Dallas Police have identified a now deceased suspect in the deadly sniper attack during a peaceful protest over the recent police killings of Alton Sterling and Philando Castile. Twelve Dallas law enforcement officers were gunned down in the vicious downtown Dallas ambush, with five being fatally wounded, by what police believe to be multiple shooters who opened fire during the downtown protest.
Here is what we know at this point.
Police named the individual as 25-year-old Micah Xavier Johnson, a U.S. Army veteran, who told police he was “not affiliated with any groups,” and he said he “did this alone,” before ultimately being killed, Dallas Police David Brown said.
Johnson allegedly told police negotiators the “end is coming” and said he wanted to “kill more” officers, according to Brown.
Sources told the Los Angeles Times that Johnson has no ties to terror groups and no known criminal history. He has lived in the Dallas area and has family members living in Mesquite, Texas, east of Dallas, the newspaper reports, citing federal law enforcement sources. Police have said they have found no suspected ties to international terrorism.
Johnson was subsequently killed using a robotic explosive device after police cornered him in a parking garage at El Centro College. It is reportedly the first time a suspect has ever been killed by a “bomb robot.” Police attempted to negotiate with the gunman for several hours before finally killing the suspect as he continued to exchange gunfire with officers.
“We tried to negotiate for several hours, negotiations broke down, we had an exchange of gunfire with the suspect,” Brown said. “We saw no other option but to use our bomb-robot and place a device on its extension for it to detonate where the suspect was. Other options would have exposed our officers to grave danger. The suspect is a result of detonating the bomb.”
“We’ve got other possible suspects that we’re interviewing. They’re not being real cooperative at this point,” Dallas Mayor Mike Rawlings said in a press conference.
One female suspect was taken into custody in the vicinity of the parking garage. Police also took two individuals they into custody on Interstate 35 at Ann Arbor Avenue in Dallas, according to WFAA-8. Officers followed the vehicle southbound on I-35 and stopped it on I-35 at Kiest.
According to Dallas police, that situation began when a Dallas police officer saw an individual carrying a camouflage bag walking quickly down Lamar Street. The individual threw the bag into a black Mercedes, when they sped off at a high rate of speed. Police questioned both occupants of the vehicle before releasing them. The driver told Dallas News 8’s Demond Fernandez he was just picking up his brother from the bus station and the bag was his brother’s luggage.
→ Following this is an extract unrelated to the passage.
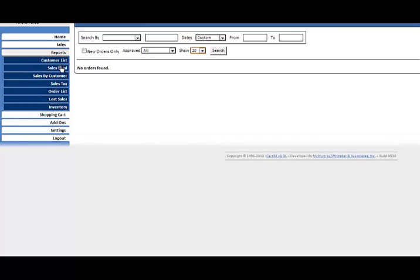We have some reporting. You can report by customer list, sales totals, sales by customer, sales tax, order list, lost sales, inventory.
Investigators have not ruled out the possibility that other suspects helped plan or carry out the deadly shootings and are continuing to investigate.
Brown said police want to ensure “that everyone associated with this tragic event is brought to justice. … We won’t expand on any further on what other suspects we have interviewed or looked at or their status until we get further into this investigation and get closer to a conclusion of who are all involved.”
Brown continued, “I’m not going to be satisfied until we turn over every stone. … We’re not satisfied that we’ve exhausted every lead. And we’re not going to be satisfied until every lead is exhausted. So if there is someone out there that was associated with this, we will find you and we will prosecute you and we will bring you to justice.”
While Johnson was barricaded in the parking structure, he told police there were explosives planted “all over” downtown Dallas, Brown said at a press conference.
Police have not said if any bombs or suspicious items have been found.
“He said we will eventually find the IEDs,” Police Chief David Brown said at a press conference. Thus far police have found no such explosive devices.
While police have thus far not found any connections between the suspects and international terrorist groups, investigators said one suspect claimed a racial motive for the shootings.
“He was upset about Black Lives Matter (and) he wanted to kill white people, especially white officers,” said Dallas Police Chief David Brown.